Try as he might his father was never able to track down Mr Gulliver or any of his relatives and assumed he had been abducted, bound with duct tape and thrown bodily into some dusty Harry Potteresque  underground map room like all those milkmen from the Monty Python sketch or the lorry drivers from the Heineken advert. He would be kept trussed up like the gimp from Pulp Fiction while lesser adventurers like Sir Ranulph Fiennes and Sir David Attenborough poked him with sticks for their amusement.
And so in honour of the adventuring martyr Mr Lunt christened his son Gulliver Horatio Lunt, so Gulliver it was and Gulliver it is. It was not until Gulliver was twelve that he plucked up the courage to tell his dad that Gulliver’s travels was a novel not a biography.  This lead to a rather unfortunate incident with a packet of Birds Angel Delight, a big stick and some terrified pensioners, followed by a brief stay in a very white very soft room at the five star New Bedlam NHS hospital.  Which was actually just like the old Bedlam Asylum except the new one had more Managers, Administrators and MRSA.

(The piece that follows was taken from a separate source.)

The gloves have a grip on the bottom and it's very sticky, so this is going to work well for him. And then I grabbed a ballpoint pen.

If only the infinitely jolly lovely man had heard Johnny Cash’s  ‘a boy named Sue’, if he had he would have realised that an unfortunate name ultimately leads to “ kicking and a gouging in the mud and the blood and the beer”.  And as an infinitely inoffensive jolly lovely man he had never heard of the word that so effortlessly rhymes with the word Lunt (you know the one) and so the misery die was cast landing squarely between the eyes of the 8lb 2oz wrinkly newborn infant kicking and a gurgling in the Mothercare Moses basket.


His mum was also infinitely lovely lady, an enticingly pretty lady in a home counties country wife kind of way a cross between Nigella Lawson (before Saatchi got his hands around her throat) Julie Andrews with the merest whiff of Sharon Stone, the Sharon Stone (but with her legs firmly crossed). A constantly smiling lady in the perfect sense not in the slightly crazy way, a lady full of excited energy who baked pies, made jam and was often seen to skip down the road like a misplaced Maria from the sound of music.  Indeed it was rumoured that a brigade of Nazi storm troopers were seen lurking around the public loos as his mum pirouetted through Tesco’s but it was just a rumour.

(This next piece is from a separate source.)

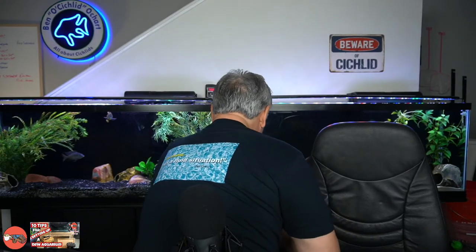For those of you who don't have them, this is the Vinny design that you see over my shoulder on the light, and of course the Cichlids and Coffee sticker. Also the one I have on my shirt, which is a new design. The back of the shirt — tell me what you think. It's a fluid situation. Fishkeeping is a fluid situation.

She wore flowery dresses and bright red shoes and carried her shopping in a wicker basket not in those garish Dolphin and Tuna strangling plastic bags, the ones that ever so working class people nick from the local supermarket and use as bin liners!

So all in all apart from the name he had a good childhood, he was never beaten or starved by his parents, fiddled with by the swimming instructor, arrested for shoplifting penny chews or been caught in the bathroom thumbing through the lingerie section of the Freemans catalogue.